──────── Dataset

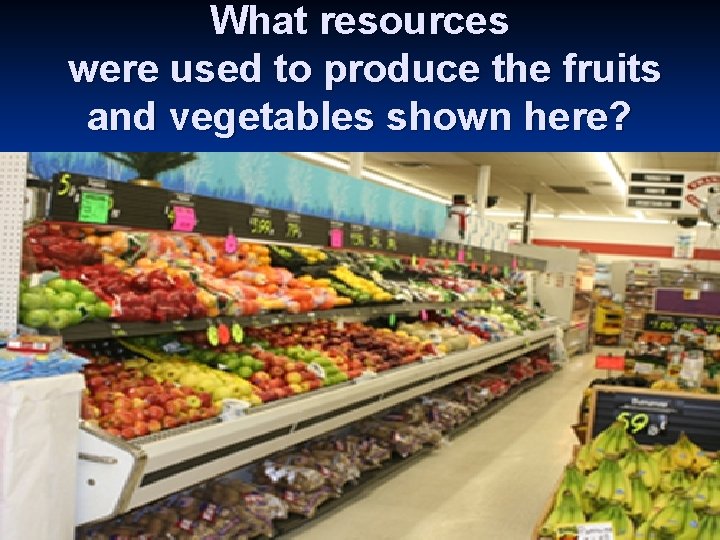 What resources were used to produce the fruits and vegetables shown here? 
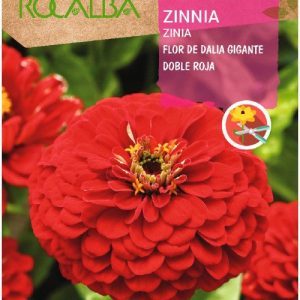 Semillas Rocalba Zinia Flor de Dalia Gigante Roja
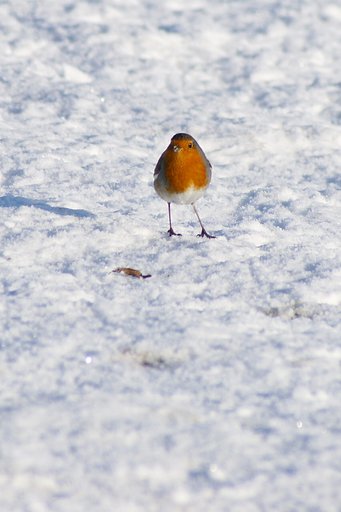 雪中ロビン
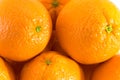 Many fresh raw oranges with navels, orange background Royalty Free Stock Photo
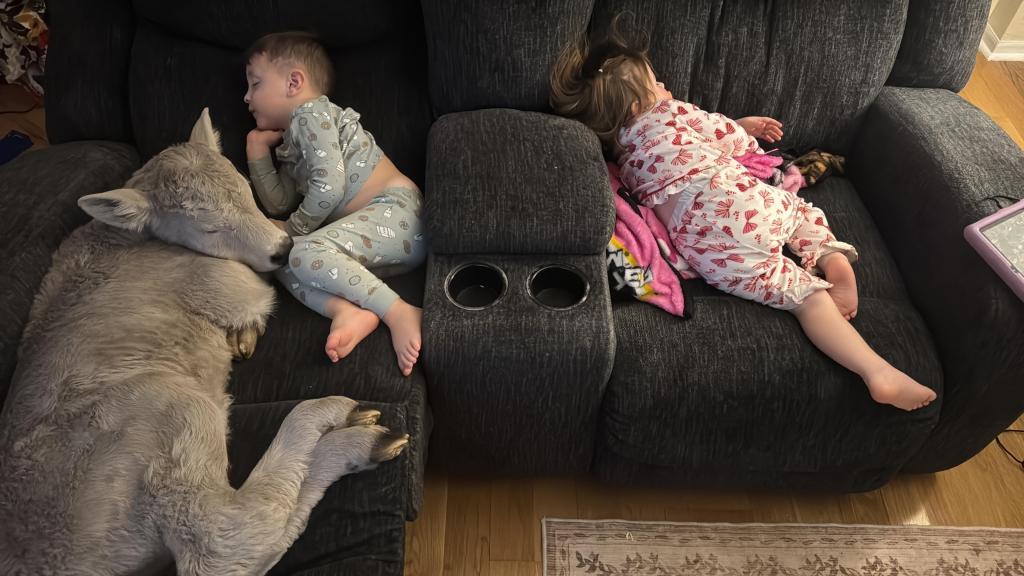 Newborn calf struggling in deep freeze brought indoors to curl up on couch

────────────────
──────── Dataset

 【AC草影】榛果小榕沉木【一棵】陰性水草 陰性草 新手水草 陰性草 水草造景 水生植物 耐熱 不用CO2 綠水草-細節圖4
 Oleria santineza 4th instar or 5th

────────────────

**Task prompt:** In the records above, find the line with "Many fresh raw" and the line with "Newborn calf struggling", then restate word for word only those two lines and all lines between, omitting pictures.

**Solution:**
 Many fresh raw oranges with navels, orange background Royalty Free Stock Photo
 Newborn calf struggling in deep freeze brought indoors to curl up on couch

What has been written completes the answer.